The Mainsheet


Album review: Preacher’s Daughter

by TISH MELTON

Album: Preacher’s Daughter by Ethel Cain

Intro: In her debut concept album following a preacher’s daughter who
runs away from home and ends up cannibalized, Ethel Cain explores the
unexplainable, all while maintaining her hauntingly familiar songwriting
and vocal genius.

“American Teenager”

In an almost satirically upbeat and heavily produced track two, Cain takes inspiration from The Cranberries to set the scene for our preacher’s daughter, who resides in a small Nebraska town. (“Grew up under yellow light on
the street / putting too much faith in the make-believe and another high school football team.”) This common “small town” trope is eventually overshadowed by Cain’s anti-war sentiment, criticizing the culture of violence and hatred that America fosters, and how the next generation must face the con-
sequences. (“Say what you want and say it like you mean it with
your fists for once / A long, cold war with your kids at the front.”) To Cain’s surprise, this song made it onto former President Barack Obama’s Top Songs of 2022.

“Sun Bleached Flies”

If the soft intro of this penultimate track tugs at your heartstrings on the first listen, you’re in for a rough seven minutes.
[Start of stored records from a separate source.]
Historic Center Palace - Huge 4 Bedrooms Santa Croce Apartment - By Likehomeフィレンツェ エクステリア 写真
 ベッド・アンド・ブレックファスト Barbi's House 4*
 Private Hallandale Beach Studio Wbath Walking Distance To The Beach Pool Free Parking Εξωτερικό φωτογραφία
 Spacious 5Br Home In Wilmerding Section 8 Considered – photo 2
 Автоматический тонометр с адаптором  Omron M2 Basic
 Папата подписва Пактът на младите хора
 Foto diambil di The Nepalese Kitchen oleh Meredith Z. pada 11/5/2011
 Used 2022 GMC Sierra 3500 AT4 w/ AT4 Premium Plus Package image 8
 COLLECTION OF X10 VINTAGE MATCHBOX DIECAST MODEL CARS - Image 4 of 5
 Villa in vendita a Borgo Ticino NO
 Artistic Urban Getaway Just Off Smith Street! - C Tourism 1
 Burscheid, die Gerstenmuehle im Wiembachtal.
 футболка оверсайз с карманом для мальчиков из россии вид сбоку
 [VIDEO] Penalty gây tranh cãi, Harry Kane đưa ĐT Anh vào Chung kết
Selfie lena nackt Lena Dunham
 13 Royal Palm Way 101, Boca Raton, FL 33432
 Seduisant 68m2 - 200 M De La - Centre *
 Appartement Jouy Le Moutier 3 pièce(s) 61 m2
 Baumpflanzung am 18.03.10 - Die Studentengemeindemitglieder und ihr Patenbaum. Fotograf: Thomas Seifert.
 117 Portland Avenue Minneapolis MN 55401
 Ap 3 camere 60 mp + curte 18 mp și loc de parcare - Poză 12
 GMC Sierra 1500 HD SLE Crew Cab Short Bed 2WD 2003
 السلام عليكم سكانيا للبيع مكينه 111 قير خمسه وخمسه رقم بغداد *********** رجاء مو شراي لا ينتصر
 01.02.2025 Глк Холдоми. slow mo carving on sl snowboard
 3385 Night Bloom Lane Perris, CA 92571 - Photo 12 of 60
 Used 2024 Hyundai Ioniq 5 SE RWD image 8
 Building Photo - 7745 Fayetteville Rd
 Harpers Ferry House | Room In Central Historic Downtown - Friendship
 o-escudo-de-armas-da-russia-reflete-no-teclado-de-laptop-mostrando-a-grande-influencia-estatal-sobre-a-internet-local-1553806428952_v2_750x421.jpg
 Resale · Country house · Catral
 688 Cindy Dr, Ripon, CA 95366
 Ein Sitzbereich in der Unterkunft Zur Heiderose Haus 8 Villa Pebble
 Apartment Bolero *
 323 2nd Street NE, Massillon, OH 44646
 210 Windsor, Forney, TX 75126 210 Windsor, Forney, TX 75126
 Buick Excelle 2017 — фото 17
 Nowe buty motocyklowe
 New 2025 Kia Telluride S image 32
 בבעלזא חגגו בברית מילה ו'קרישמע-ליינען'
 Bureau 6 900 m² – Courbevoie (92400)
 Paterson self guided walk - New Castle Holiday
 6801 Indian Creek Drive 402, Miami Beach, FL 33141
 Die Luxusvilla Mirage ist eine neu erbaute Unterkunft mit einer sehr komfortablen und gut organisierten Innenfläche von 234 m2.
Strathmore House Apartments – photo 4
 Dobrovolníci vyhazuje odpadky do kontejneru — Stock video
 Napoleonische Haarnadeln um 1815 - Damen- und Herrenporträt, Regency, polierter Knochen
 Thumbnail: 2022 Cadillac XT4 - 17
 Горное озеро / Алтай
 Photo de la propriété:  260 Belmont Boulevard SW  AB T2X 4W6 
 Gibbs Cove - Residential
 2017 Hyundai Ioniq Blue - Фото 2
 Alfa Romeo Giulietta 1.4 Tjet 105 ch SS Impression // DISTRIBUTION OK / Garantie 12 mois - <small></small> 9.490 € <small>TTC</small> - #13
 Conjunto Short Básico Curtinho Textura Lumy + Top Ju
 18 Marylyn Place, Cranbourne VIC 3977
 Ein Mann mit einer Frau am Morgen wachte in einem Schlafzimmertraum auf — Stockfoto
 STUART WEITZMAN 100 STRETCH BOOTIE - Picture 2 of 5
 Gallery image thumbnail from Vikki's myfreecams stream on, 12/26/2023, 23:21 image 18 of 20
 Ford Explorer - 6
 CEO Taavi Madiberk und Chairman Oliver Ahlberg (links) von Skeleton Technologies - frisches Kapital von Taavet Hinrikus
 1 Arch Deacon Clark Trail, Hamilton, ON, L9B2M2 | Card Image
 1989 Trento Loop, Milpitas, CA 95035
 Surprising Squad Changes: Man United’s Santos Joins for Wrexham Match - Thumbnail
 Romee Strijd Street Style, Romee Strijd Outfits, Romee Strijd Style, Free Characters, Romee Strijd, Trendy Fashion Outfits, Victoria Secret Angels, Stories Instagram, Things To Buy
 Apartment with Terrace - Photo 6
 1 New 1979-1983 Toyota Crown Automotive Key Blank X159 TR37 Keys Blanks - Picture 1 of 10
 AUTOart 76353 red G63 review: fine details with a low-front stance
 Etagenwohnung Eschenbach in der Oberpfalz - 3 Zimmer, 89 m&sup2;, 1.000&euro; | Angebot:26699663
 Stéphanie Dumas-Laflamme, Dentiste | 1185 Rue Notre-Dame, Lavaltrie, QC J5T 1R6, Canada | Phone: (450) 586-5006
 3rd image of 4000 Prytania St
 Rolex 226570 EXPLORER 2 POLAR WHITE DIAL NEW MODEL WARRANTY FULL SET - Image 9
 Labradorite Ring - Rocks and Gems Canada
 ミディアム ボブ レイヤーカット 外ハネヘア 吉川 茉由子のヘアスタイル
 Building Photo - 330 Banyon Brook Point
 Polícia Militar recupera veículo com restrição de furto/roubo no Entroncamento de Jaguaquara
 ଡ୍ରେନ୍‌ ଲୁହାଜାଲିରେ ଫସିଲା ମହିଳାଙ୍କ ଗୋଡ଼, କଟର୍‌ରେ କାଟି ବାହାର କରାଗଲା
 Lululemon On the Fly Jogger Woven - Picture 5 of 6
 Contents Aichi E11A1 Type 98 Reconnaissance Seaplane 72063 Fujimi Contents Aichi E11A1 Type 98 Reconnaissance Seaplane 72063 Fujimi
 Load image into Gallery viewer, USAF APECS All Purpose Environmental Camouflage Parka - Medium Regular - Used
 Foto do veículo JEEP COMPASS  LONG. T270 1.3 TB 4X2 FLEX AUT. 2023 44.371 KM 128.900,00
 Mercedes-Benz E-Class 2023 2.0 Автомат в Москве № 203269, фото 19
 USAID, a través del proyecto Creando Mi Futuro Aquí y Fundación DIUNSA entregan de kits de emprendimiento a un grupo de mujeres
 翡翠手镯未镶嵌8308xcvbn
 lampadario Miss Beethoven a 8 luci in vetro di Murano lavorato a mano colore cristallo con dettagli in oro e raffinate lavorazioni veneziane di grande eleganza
Through intensely vulnerable lyrics and layered vocals, Cain explores our preacher’s daughter’s complicated feelings
around faith after her own death. (“What I wouldn’t give to be in church this Sunday / listening to the choir so heartfelt, all singing / God loves you, but not enough to save you.”) Although it’s clear that she feels some sense of acceptance
by the end (“If it’s meant to be, then it will be / I forgive it all as it comes back to me”), there is still one thing unclear: Is there an afterlife waiting
for her? The preacher’s daughter’s complicated relationship with God, even after she dies, begs the question of whether she finds peace in a new life or absolutely nothing at all. Nonetheless, the subjectivity of the ending reinforces the idea that we will never know what waits for us at our end, and faith is about surrendering to this fact and understanding that, again, whatever is meant to be, will be.